While I am investigating this video gaming situation (both in real life and through 
observation of others' comments---I too, have a house-filled with boys and adult 
men (my husband and his adult, police-officer cousin--- who enjoy video games), I 
have also seen the other side of the video game obsession (and this IS an obsession 
in many ways).

Just this week I watched the A&E series entitled "Intervention"
which involved a young adult male whose family and girlfriend went to an 
intervention specialist to get their son / boyfriend help with his obsession with 
gaming. This young man had become isolated, even with the options of playing online 
with others, and began to fail to communicate with his family, go to work, and live 
in the "real world"--he started to speak as the characters on the video games.  The 
situation that was presented was obviously extreme, but I am still not convinced 
that playing games ALL THE TIME is educational and not harmful (and for most 
students, the summer offers an endless gaming season--at my house, I am encouraging 
"field trips" outside to the museums, the library, and special events like the 
circus, just to require social interaction and some time off from the games).

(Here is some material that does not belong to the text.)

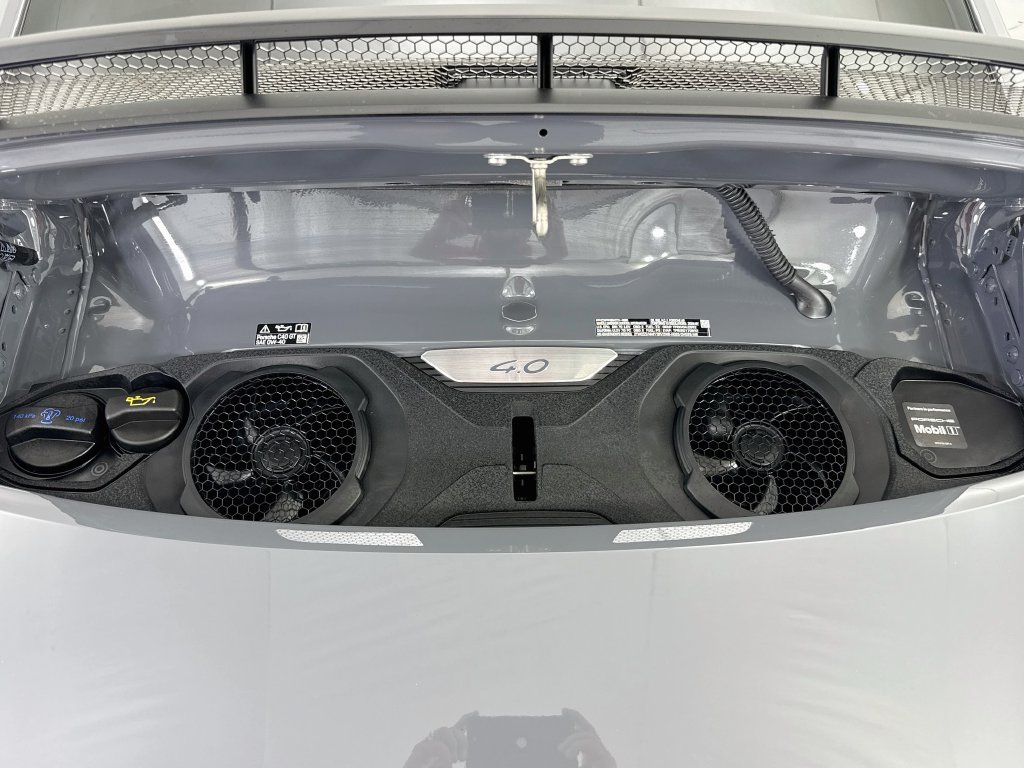 Certified 2026 Porsche 911 GT3 RWD image 25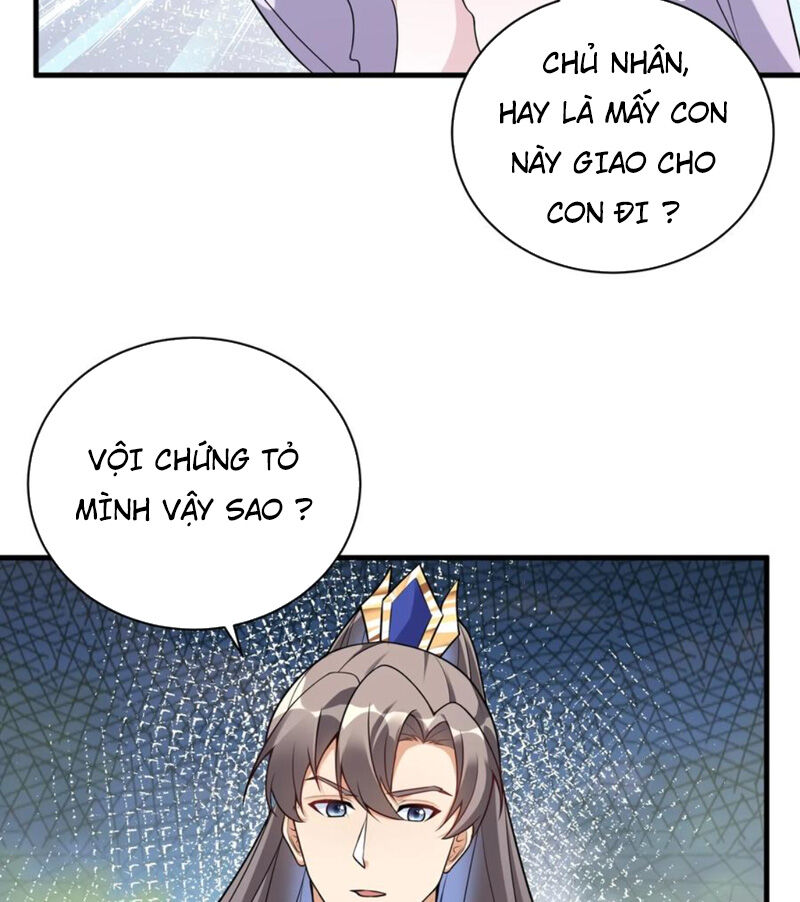 Tu Tiên Phải Dựa Vào Sugar Mommy Chap 213 - Next Chap 214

On the flip side, I DO think that being aware of gaming and the impact that it has 
on our students is important for librarians.  I also think that libraries can 
become a part of the video game craze through purchases of games for their 
collections, but I think that for many school libraries, this is an expense that 
can't / won't be pursued because of budgets, selection policies, etc.  (And as I 
write, I am remembering the impact of video tapes, DVDs and other technology had as 
it entered the library programs....we were concerned about their effects on 
education, student learning, instruction.  Are PS2, X-box, and Gamecube games the 
next thing for librarians to worry about?  I think it's coming faster than we 
thought.  I just don't know how to prepare for it without cynical thoughts.)